Pastiche

The Bedford Glossary of Critical and Literary Terms - Ross Murfin 2018

Pastiche

Pastiche: A literary, musical, or artistic work that imitates another’s recognizable style or pieces together a medley of often incongruous elements from a number of existing works. Pastiche may have humorous, satirical, or serious intent or may simply serve as an exercise in technique. Most literary critics use the term descriptively, but some use it dismissively to describe a work that is deemed highly derivative. Pastiche should not be confused with plagiarism, in which one author steals a passage or idea from another, passing it off as his or her own and failing to credit the original source. Plagiarism is characterized by deceptive intent; pastiche involves open imitation or borrowing and often pays homage to its sources.

Pastiche, which may involve sustained satirical imitation of a particular author’s style, is sometimes treated synonymously with parody but is more often distinguished from the latter by its respectful tone. In Postmodernism, or, The Cultural Logic of Late Capitalism (1991), Marxist critic Fredric Jameson characterized pastiche as “blank parody,” arguing that it is “a neutral practice of such mimicry, without any of parody’s ulterior motives, amputated of the satiric impulse, devoid of laughter.”

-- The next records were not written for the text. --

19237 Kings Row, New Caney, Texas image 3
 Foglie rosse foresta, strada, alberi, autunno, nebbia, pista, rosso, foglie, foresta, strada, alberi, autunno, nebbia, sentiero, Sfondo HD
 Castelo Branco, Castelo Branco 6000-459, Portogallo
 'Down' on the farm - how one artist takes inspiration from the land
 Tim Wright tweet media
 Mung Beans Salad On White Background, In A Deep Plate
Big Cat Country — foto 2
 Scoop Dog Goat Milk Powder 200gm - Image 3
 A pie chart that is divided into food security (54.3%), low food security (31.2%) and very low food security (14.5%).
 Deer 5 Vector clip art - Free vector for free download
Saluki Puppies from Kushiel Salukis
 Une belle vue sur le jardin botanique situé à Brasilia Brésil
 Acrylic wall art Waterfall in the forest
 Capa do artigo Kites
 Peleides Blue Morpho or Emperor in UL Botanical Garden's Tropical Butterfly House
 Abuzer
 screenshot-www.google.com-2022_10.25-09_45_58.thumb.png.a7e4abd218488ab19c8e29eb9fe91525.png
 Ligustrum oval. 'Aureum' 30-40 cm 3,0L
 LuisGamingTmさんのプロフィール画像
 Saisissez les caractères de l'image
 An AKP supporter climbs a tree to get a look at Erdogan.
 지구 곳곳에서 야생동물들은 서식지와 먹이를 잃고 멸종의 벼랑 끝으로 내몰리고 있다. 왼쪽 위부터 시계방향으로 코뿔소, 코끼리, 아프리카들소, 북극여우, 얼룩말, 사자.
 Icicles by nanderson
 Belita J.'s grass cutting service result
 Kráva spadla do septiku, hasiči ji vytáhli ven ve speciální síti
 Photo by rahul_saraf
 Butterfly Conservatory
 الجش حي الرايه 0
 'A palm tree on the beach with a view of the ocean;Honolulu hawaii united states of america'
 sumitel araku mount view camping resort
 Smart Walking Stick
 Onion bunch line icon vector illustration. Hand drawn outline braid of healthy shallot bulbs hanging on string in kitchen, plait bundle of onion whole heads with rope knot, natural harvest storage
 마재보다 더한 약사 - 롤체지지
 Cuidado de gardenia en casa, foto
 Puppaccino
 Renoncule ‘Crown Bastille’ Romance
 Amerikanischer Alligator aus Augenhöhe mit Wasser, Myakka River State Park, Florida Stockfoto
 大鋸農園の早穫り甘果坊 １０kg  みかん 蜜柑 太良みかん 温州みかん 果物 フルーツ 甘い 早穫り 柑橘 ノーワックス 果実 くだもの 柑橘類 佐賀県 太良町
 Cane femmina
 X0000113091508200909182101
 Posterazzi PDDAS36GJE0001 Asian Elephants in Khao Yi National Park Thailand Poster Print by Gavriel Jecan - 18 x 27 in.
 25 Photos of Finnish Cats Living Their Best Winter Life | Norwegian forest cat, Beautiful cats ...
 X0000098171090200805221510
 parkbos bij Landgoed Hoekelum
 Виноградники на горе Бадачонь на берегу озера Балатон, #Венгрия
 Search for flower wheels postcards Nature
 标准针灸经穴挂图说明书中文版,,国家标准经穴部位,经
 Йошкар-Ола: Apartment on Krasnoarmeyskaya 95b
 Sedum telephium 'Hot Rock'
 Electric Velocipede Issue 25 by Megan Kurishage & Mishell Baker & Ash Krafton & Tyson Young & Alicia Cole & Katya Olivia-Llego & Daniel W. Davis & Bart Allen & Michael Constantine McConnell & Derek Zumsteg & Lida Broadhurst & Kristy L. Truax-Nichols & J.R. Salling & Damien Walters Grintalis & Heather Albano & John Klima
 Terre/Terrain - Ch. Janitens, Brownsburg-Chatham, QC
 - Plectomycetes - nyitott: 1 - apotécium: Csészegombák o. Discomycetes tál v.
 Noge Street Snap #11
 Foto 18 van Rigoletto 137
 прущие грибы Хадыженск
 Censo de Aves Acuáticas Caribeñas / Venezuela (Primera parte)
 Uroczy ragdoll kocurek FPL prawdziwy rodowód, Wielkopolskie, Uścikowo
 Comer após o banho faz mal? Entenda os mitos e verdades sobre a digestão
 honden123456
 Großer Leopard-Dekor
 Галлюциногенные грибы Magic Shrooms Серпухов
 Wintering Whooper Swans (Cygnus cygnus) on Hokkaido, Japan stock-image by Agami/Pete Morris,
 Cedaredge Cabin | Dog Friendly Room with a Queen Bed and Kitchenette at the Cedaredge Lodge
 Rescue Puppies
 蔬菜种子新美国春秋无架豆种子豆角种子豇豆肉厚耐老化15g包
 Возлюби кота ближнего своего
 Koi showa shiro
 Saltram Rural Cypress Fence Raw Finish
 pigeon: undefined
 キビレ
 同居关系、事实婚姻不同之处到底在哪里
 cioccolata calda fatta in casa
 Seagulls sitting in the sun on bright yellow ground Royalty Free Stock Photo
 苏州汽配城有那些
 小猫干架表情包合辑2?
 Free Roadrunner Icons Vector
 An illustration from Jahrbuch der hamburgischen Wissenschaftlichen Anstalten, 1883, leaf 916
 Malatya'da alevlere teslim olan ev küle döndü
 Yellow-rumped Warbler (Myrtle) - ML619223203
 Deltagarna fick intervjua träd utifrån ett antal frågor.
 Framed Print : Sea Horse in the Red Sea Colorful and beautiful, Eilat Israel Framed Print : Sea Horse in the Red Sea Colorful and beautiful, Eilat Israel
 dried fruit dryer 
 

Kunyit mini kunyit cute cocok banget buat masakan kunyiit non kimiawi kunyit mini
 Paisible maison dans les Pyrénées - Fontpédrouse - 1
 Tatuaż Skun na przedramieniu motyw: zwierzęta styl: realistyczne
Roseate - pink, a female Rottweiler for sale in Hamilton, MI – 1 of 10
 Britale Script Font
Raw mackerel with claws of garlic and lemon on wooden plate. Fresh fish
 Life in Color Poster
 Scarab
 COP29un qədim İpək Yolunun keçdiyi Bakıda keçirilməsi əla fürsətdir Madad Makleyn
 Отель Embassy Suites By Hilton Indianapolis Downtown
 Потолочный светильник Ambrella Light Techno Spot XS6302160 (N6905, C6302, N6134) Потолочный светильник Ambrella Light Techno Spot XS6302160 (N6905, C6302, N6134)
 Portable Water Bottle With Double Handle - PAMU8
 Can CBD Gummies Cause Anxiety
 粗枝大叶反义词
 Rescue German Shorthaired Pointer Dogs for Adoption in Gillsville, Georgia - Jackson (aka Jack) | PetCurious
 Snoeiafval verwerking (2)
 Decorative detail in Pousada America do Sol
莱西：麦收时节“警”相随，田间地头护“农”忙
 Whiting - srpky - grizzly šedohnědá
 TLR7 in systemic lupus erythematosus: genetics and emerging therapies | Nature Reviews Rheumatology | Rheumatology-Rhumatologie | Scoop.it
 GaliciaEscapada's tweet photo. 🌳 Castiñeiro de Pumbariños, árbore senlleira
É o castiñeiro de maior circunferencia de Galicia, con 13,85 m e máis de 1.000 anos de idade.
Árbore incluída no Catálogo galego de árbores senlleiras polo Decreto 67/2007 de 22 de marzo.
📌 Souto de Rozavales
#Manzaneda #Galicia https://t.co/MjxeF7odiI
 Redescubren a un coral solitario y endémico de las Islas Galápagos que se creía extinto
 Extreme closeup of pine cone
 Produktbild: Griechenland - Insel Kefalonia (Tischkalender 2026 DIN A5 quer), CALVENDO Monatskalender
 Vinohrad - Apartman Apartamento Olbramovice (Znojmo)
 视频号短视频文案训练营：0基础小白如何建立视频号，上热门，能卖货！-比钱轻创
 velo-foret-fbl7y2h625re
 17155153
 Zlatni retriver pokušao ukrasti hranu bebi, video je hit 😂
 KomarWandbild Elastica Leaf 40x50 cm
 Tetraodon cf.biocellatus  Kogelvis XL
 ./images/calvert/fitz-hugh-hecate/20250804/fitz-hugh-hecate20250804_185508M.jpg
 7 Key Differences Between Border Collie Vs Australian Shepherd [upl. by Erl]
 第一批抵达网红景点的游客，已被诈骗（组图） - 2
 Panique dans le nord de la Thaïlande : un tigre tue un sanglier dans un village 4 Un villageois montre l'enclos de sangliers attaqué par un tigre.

EXAMPLES: Marcel Proust’s Pastiches et mélanges (1919). Some of Carl Sandburg’s poetry could be referred to as “Walt Whitman pastiche.” Sherlockian pastiche has become a minor literary industry thanks to works such as The Exploits of Sherlock Holmes (1954), by Adrian Conan Doyle and John Dickson Carr, and The Further Adventures of Sherlock Holmes (1985), a collection edited by Richard Lancelyn Green. The Coen brothers’ film O Brother, Where Art Thou? (2000) is also pastiche, borrowing heavily from Homer’s The Odyssey (c. 850 B.C.), among other sources.

The anachronistic musical score of the movie Moulin Rouge (2001), set in Paris at the end of the nineteenth century, is a pastiche of late-twentieth-century popular songs such as Elton John’s “Your Song” (1970) and Sting’s “Roxanne” (1978). Through use of the technique known as “sampling” — borrowing riffs from other, well-known songs — rap artists have also created works that involve pastiche in the sense of “medley.”